O curioso era que o cavalo que montava Larsen não devia ser muito bom, porque começava a acusar sinais de cansaço. E, contudo, empregava todas as suas energias naquela corrida mortal, a que o seu cavaleiro não tinha forças para o obrigar. Porquê?
Larsen tentou guiar a montada para a saída do labirinto, que conhecia bem por a ter estudado durante o assédio. Mas foi inútil, o cavalo não obedeceu. Parecia ter interesse especial em seguir outro caminho, uma espécie de passagem em ziguezague entre as rochas, que não tinha aspeto de levar a parte alguma. E por mais que Larsen fizesse, o qual, de resto, sentia cada vez menos forças, não conseguiu obrigá-lo a mudar de ideias.

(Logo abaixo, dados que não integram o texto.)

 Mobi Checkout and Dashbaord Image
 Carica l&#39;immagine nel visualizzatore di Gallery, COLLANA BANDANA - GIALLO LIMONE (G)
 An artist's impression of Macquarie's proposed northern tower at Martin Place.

Por fim, desistiu, pois sabia de sobra que alguns cavalos são tão teimosos como as suas irmãs, as mulas.
Por outro lado, aquela estranha querença do animal parecia ter desorientado os seus perseguidores. Estes continuavam a soltar gritos e a disparar em direção à saída do labirinto, mas não se lembraram de que Larsen podia ter seguido pela esquerda, em direção à parte mais profunda dos rochedos, por um caminho que, na aparência, não levava a parte alguma.
O animal remontou uma quebrada, pareceu farejar o ar e por fim orientou-se para a direita, onde havia um carreiro entre dois autênticos abismos.
Foi então que Larsen, vencido pelo cansaço e pela perda de sangue, perdeu os sentidos. Oscilando, seguro no animal só por instinto, permaneceu assim durante duas longas horas, até que o cavalo, também à beira do esgotamento, parou diante de uma casa.